(Stored data entries)
[Start of section]
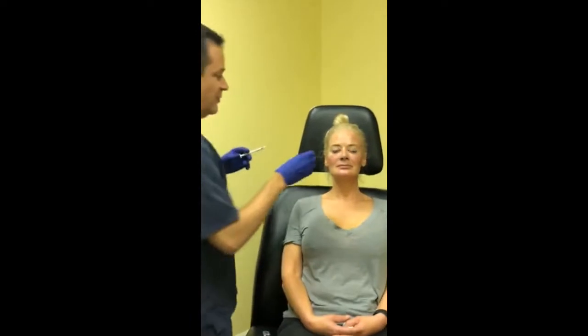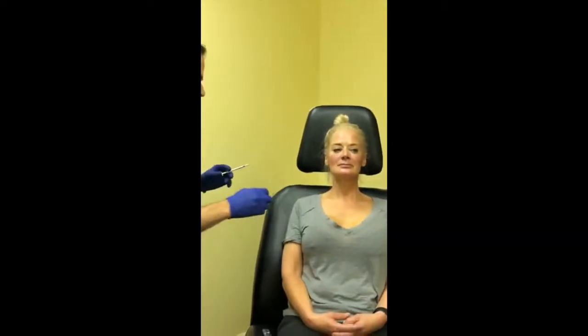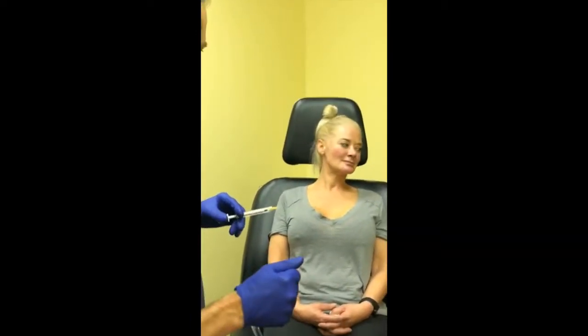Still on the first syringe. Look at her — just the temples alone. I would have never even thought to do that. It looks like it took 10 years off.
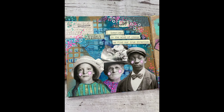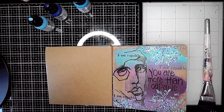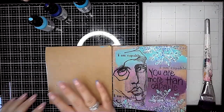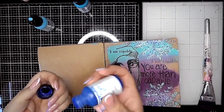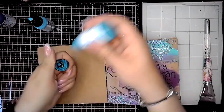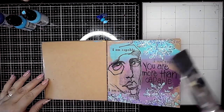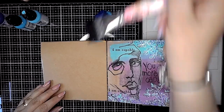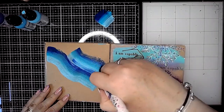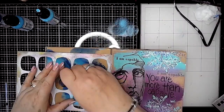Hi everybody, it's Claire back with an art journal video. I'm doing a single page spread in the craft journal and I'm going to be playing with some of Tim Holtz's most recent Ideology release. I like to challenge myself to use colors I wouldn't normally pick, so today I'm using Lapis Sky and Turquoise. I'm doing the technique where I get the three colors on my brush and swoosh them onto the page — it's a really lovely way to blend colors and gives you a great starting point.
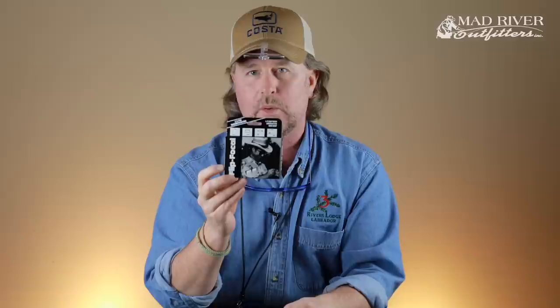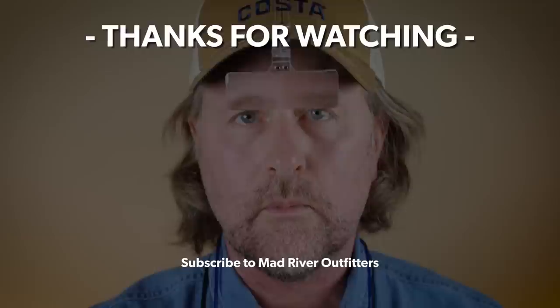The Flip Focal sells for about $16.95. You can find them at madriveroutfitters.com - it's a great way to be able to see what you're doing out there on the water when the clicks just aren't that practical. Search for Flip Focal at madriveroutfitters.com. Thanks as always for tuning in, stay tuned - a lot more coming at you. If you like this video, hit subscribe, it helps out a lot, and check out these other videos we think you might like.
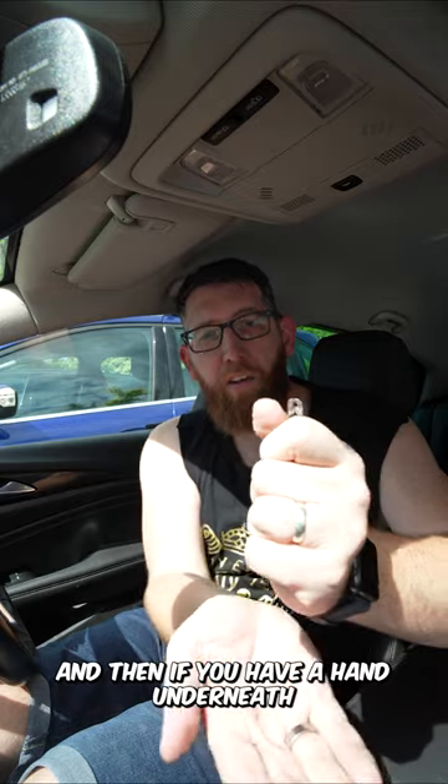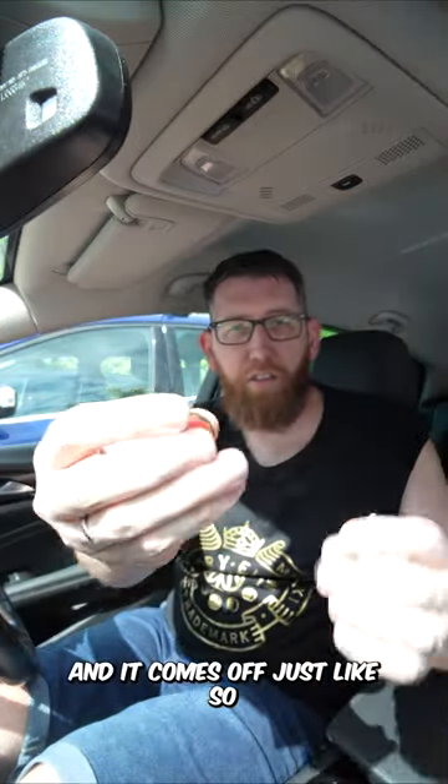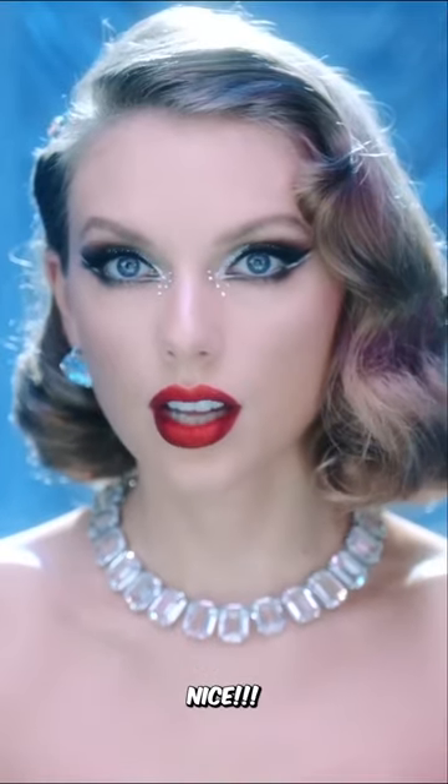Now to get it off, all you have to do is hold it in your hands, and if you have a hand underneath, you let go and it comes off — just like so. That's how you take a ring off a safety pin in less than a second. Guess what?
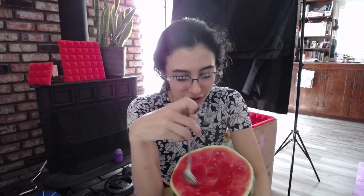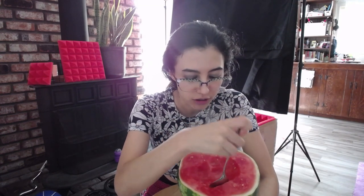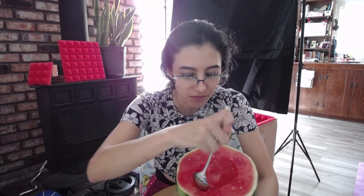It feels weird to chew. I'm kind of sad because this is not sweet — I didn't pick the right one. I look weird when I chew with my mouth closed.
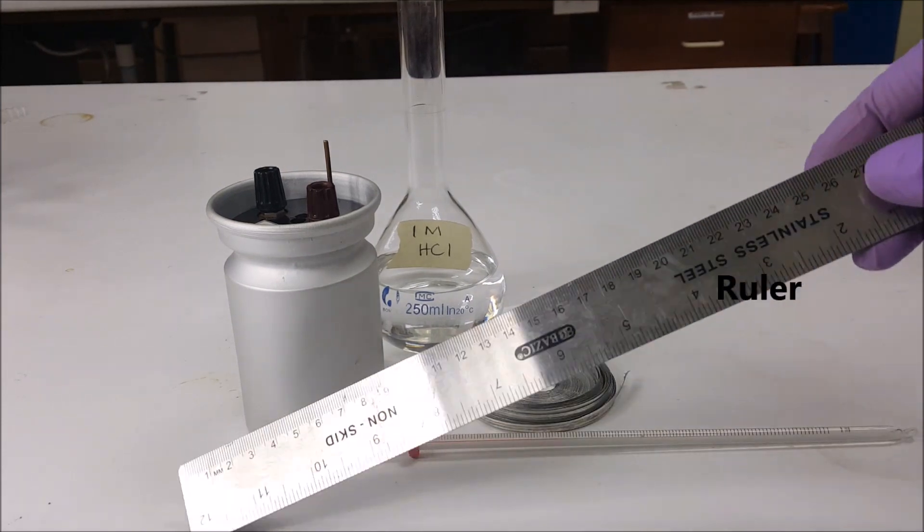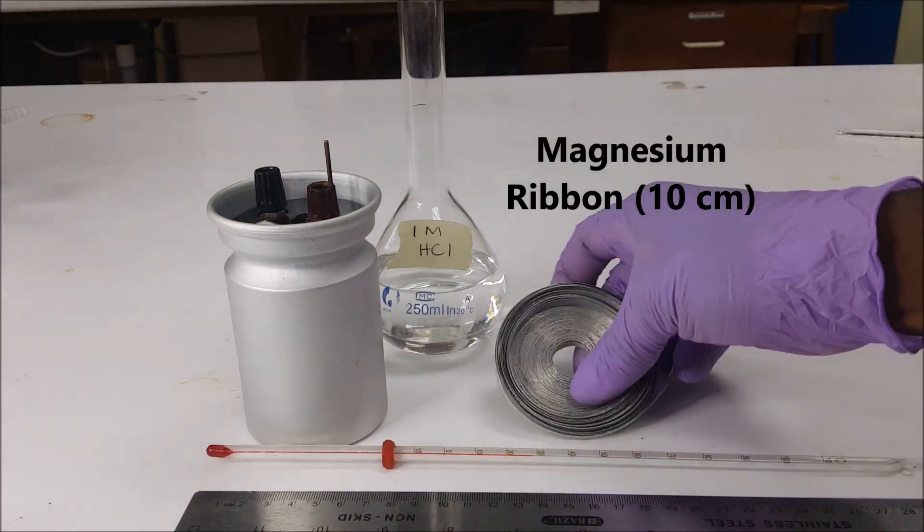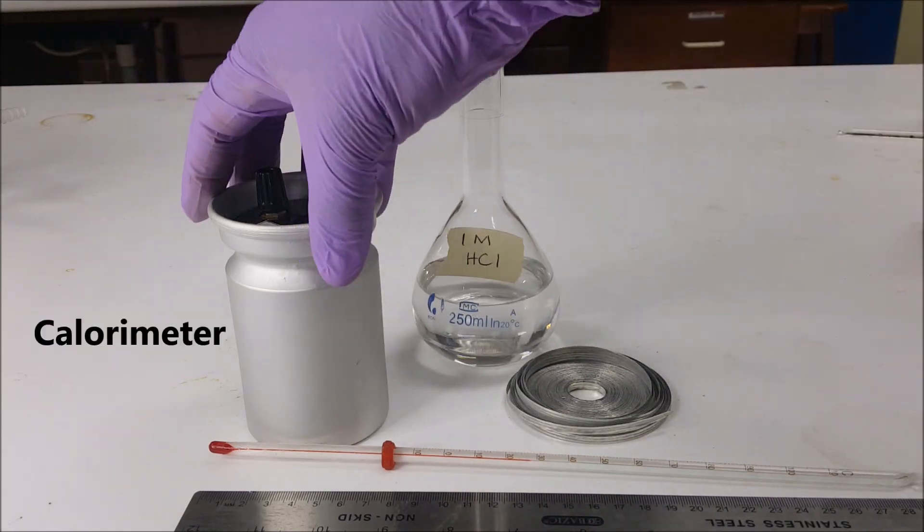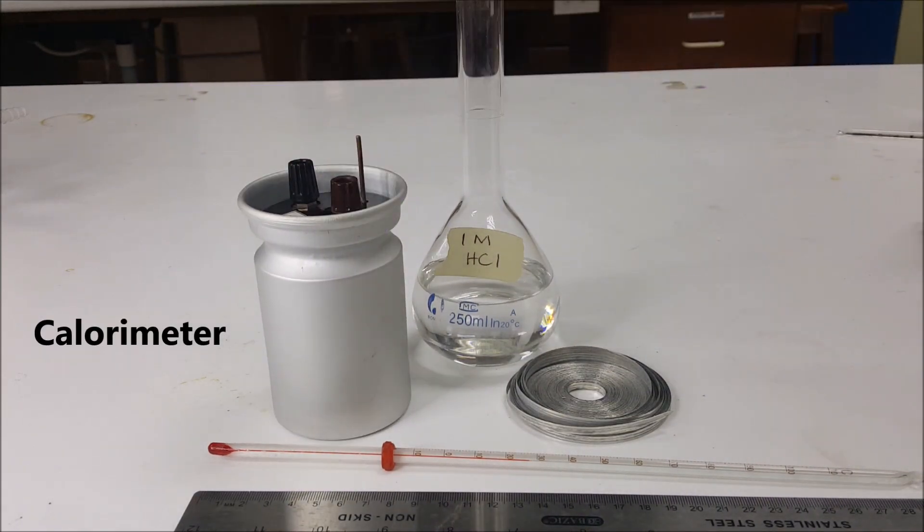This experiment will need a ruler, a thermometer, a magnesium ribbon, one molar HCl solution, and a completed calorimeter.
[End of section]
● **DIRECTIONS FOR THIS TASK**: Each entry above should be restated word for word, though no picture may appear in the copy.

● **EXERCISE RESPONSE**:
Still on the first syringe. Look at her — just the temples alone. I would have never even thought to do that. It looks like it took 10 years off.
Hi everybody, it's Claire back with an art journal video. I'm doing a single page spread in the craft journal and I'm going to be playing with some of Tim Holtz's most recent Ideology release. I like to challenge myself to use colors I wouldn't normally pick, so today I'm using Lapis Sky and Turquoise. I'm doing the technique where I get the three colors on my brush and swoosh them onto the page — it's a really lovely way to blend colors and gives you a great starting point.
The Flip Focal sells for about $16.95. You can find them at madriveroutfitters.com - it's a great way to be able to see what you're doing out there on the water when the clicks just aren't that practical. Search for Flip Focal at madriveroutfitters.com. Thanks as always for tuning in, stay tuned - a lot more coming at you. If you like this video, hit subscribe, it helps out a lot, and check out these other videos we think you might like.
Now to get it off, all you have to do is hold it in your hands, and if you have a hand underneath, you let go and it comes off — just like so. That's how you take a ring off a safety pin in less than a second. Guess what?
It feels weird to chew. I'm kind of sad because this is not sweet — I didn't pick the right one. I look weird when I chew with my mouth closed.
This experiment will need a ruler, a thermometer, a magnesium ribbon, one molar HCl solution, and a completed calorimeter.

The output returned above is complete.